Going out to eat with toddlers is not for the faint of heart. We are wrestling and managing and diaper changing all before our drinks hit the table. We are walking through a minefield that at any minute could be met with diarrhea, screaming children, and judging patrons.
So please remember this when you see a mom or dad struggling when out to eat. We are trying. It is hard.
Most importantly, if you are at children’s restaurant and you want to say something to a parent with unruly kids, I say this with the most love and kindness I can muster: STFU.
For example, I had two gentlemen try to shame my parenting at a Friendly’s (which is basically as kid-friendly as you get). These men huffed and puffed and rolled their eyes and tried to make me and my kids feel bad for, you know, being kids, IN A KIDS’ RESTAURANT.
So I say this to the gentleman sitting behind us at Friendly’s.

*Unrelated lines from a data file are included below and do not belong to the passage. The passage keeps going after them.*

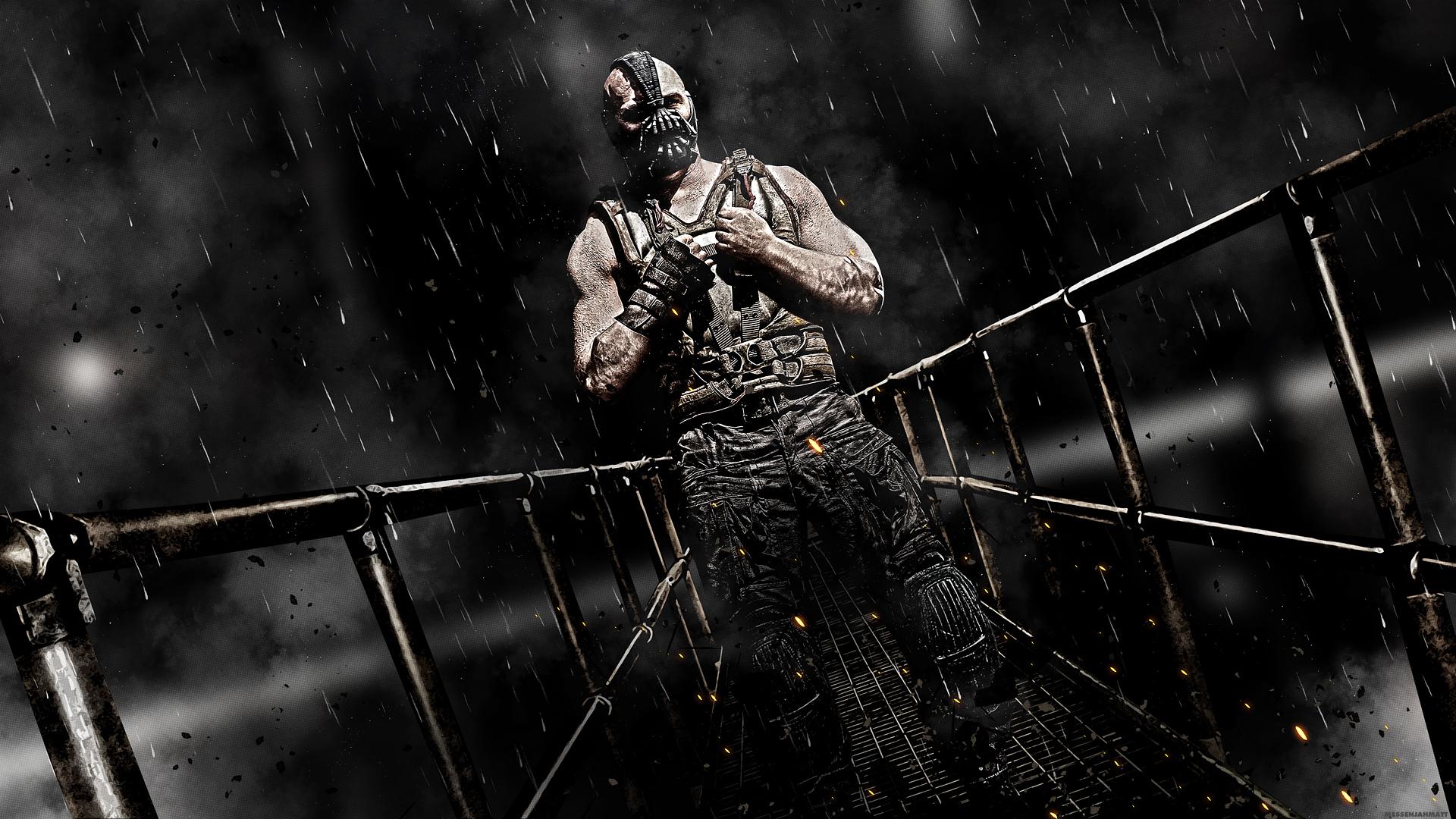 dark knight rises hd wallpaper,darkness,photography,fictional character,black and white,space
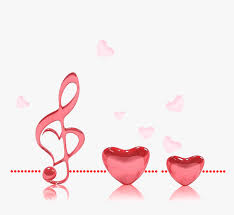 Creative, dreamy, flirty and of course super romantic they will help you. 3d Wallpaper Love Kiss You Are My Music Quotes Hd Png Download Kindpng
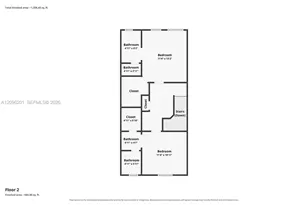 8810 W Flagler St, Miami, FL 33174 - Photo 20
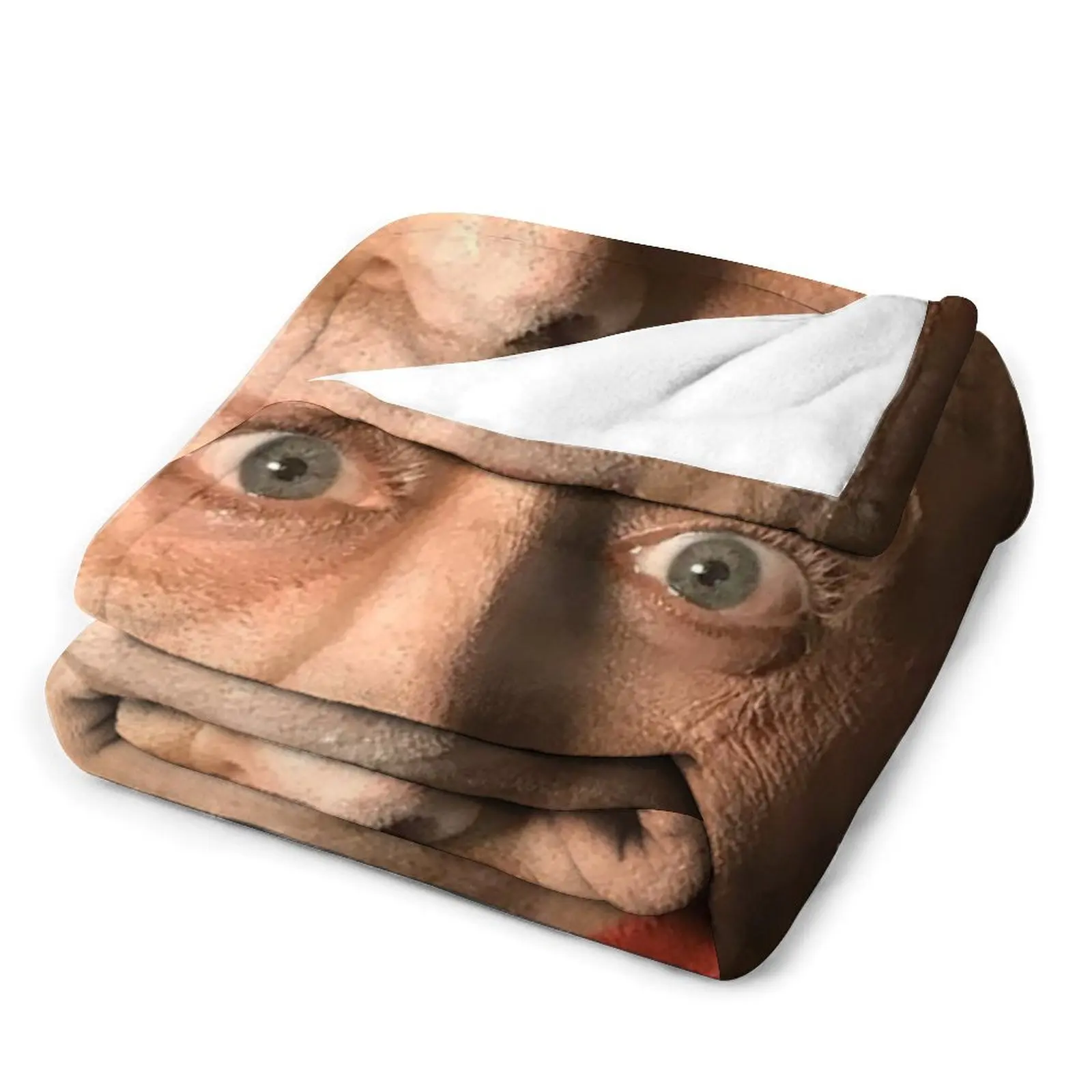 Joe Gatto Impractical Jokers красивое одеяло декоративное зимнее постельное белье для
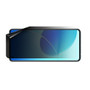 Oppo Reno6 4G Privacy Lite (Landscape) Screen Protector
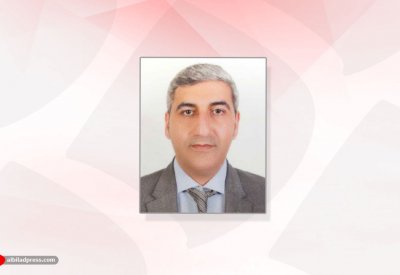 نائب رئيس “الثروة الغذائية” لـ “البلاد”: سوق البحرين خالية من بيض “كيندر” الملوث بالسالمونيلا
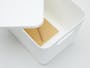 Lussa Storage Box with Lid - Large - 1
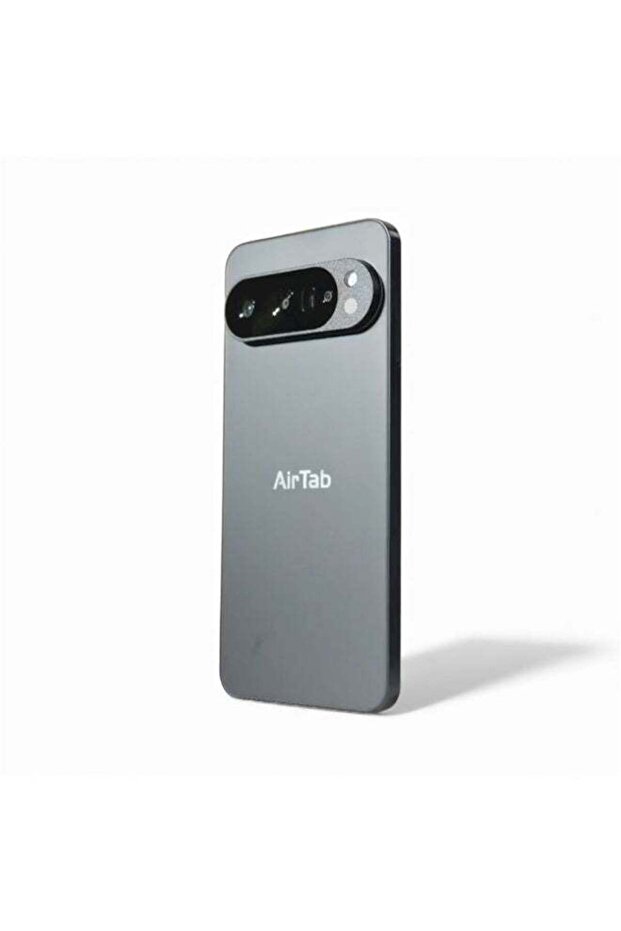 10 Pro XL Smartphone – 6.82-inch Display, 50000mAh Battery, Dual Camera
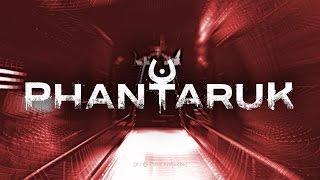Boris the fanta-hand - Phantaruk gameplay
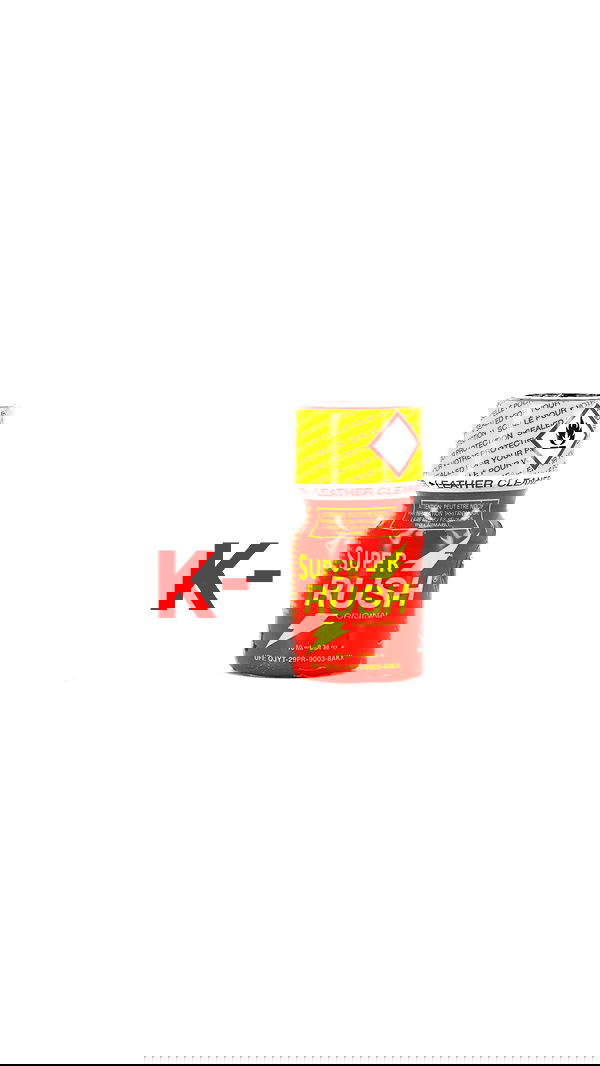 naia_gg naia_gg archive image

I know you wanted me to apologize because my kids were loud and annoying at dinner. I saw the looks when you saw they took off their shoes and talked loudly about butt farts.
I hear you, I see you, and here’s why I am not taking on your judgments. Not for a second.
First, I’m at a kids’ restaurant. Do you think I’m here because my life is glamorous and I enjoy fine dining and good food? No. I’m here because there is a universal understanding that if your eating at a kids’ restaurant, your kids get to be adorable little psychopaths. If you don’t like it, upgrade to a restaurant without a kids’ menu.
Also, at no point did I judge you for being two childless men in their 40’s eating at a kids’ restaurant. I didn’t questions the life choices that brought you here. Maybe you like cold fries and balloons? Maybe your one of those man-babies who enjoy reliving their childhoods and are just biding time until you can go cry yourself to sleep in your adult-sized crib? That’s fine. None of my business. BUT I don’t go to man-baby conventions and act all pissed off because there’s a bunch of men acting like babies.
Also, if you thought my 1.5-year-old was going to correct her behavior because of your passive aggressive mumbling and eye rolling, rest assured, my 1.5-year-old cares about one thing and one thing only: Elmo. If you’re not Elmo, you and your reasonably priced hamburger can fuck right the fuck off.
I do understand we live in a society that has rules and I’m perfectly willing to follow them. I want my kids to grow up and respect other people’s space and time. Right now though, I want them to be kids. To laugh loud, not wear shoes, tell poop jokes. This is it. This is when they get to do that and your bitterness or unreasonable expectations will not dampen my kids sunshine. Not today and not at a kids’ restaurant.